Des Jeux au cours desquels les athlètes helvétiques espèrent aussi rafler une moisson de médailles – ils en avaient remporté deux, mardi 8 février au soir –, surtout en ski alpin, discipline dans laquelle le pays se partage de toute éternité les honneurs avec le grand rival autrichien.


Tout un écosystème qui irrigue le tissu local

Mais quels que soient les résultats des courses en Chine, la Suisse a déjà gagné. Elle abrite en effet la quasi-totalité des grandes fédérations sportives internationales, et les retombées économiques qu’elles génèrent sont de plus en plus importantes.


Entre 2014 et 2019, elles ont rapporté plus de 1,7 milliard de francs suisses par an (1,5 milliard d’euros), en hausse de 57 % par rapport à la période de cinq ans précédente. Selon une étude récente de l’Académie internationale des sciences et techniques du sport de Lausanne (AISTS), le canton de Vaud est le principal bénéficiaire de cette manne : quarante-six des cinquante-trois fédérations installées en Suisse y ont élu domicile, dont quarante à Lausanne même. Elles assurent aussi plus de 3 300 emplois dans le pays, dont 1 840 sur le canton de Vaud : le CIO à Lausanne, l’Union des associations européennes de football (UEFA) à Nyon, l’Union cycliste internationale (UCI) à Aigle, la Fédération internationale de basketball (FIBA) dans le village de Mies, etc.


Autour de chacun de ces pôles gravite tout un écosystème qui irrigue le tissu local, à la grande satisfaction du conseiller d’Etat (ministre) vaudois Philippe Leuba, chargé de l’économie et des sports : « Cela représente 870 millions de francs suisses de dépenses annuelles, en chambres d’hôtel, en restaurants, en taxis, ou encore en études d’avocats, par exemple. » Le tourisme d’affaires lié à ce secteur représente 45 000 nuitées par an en Suisse – et s’il a été mis entre parenthèses depuis le début de la pandémie, nul ne doute qu’il ne devrait plus tarder à redémarrer.
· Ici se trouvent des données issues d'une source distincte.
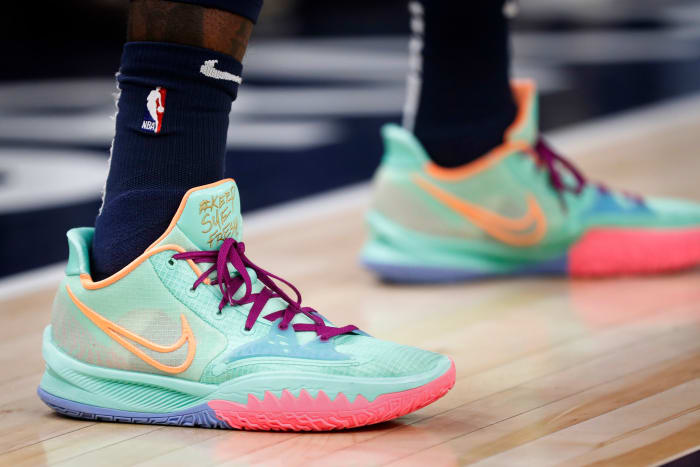 View of teal and pink Nike Kyrie Low 4 sneakers.
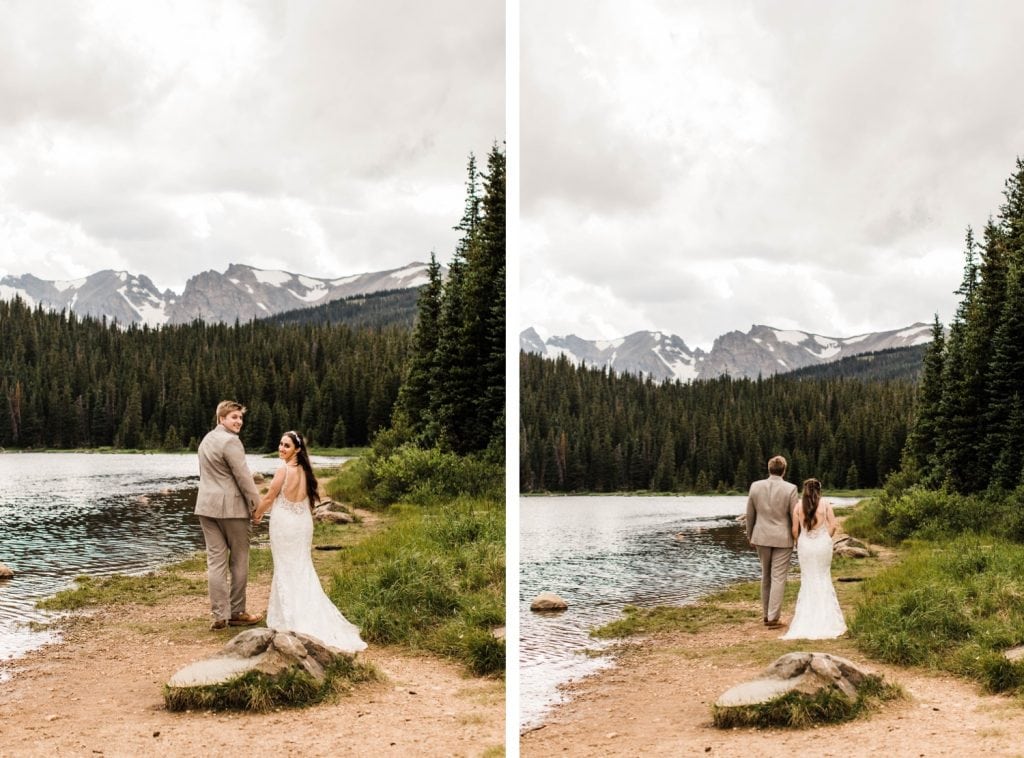 couple hiking around a lake after their mountain wedding in Colorado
Pour expliquer l’attractivité de son canton, Philippe Leuba évoque « la forte sécurité juridique du système suisse, un atout extrêmement important dans le monde du sport aujourd’hui ». La fiscalité zéro ne serait pas un argument, puisque « l’exonération d’impôts des fédérations sportives internationales n’est pas une spécificité vaudoise, mais une règle valable partout sur la planète », comme l’expliquait à la radio publique RTS Info le maire socialiste de Lausanne, Grégoire Junod, qui compte attirer de nouvelles fédérations dans la « capitale olympique ».


Absence de régulation

Et le risque pour la réputation du pays ? L’opacité financière de ces organisations, qui ne publient pas leurs comptes, encore moins leurs bénéfices, est rarement évoquée. Tout au plus chaque cas est-il traité de façon séparée, comme les démêlés récurrents avec la justice du patron du football mondial, Gianni Infantino. Ils expliquent sans doute pourquoi ce dernier s’est installé avec femme et enfants au Qatar, comme le révélait récemment le journal Sonntags Zeitung. A Zurich, l’inquiétude grandit de voir la FIFA quitter un jour la métropole alémanique pour Doha ou pour Paris, qui lui fait du pied.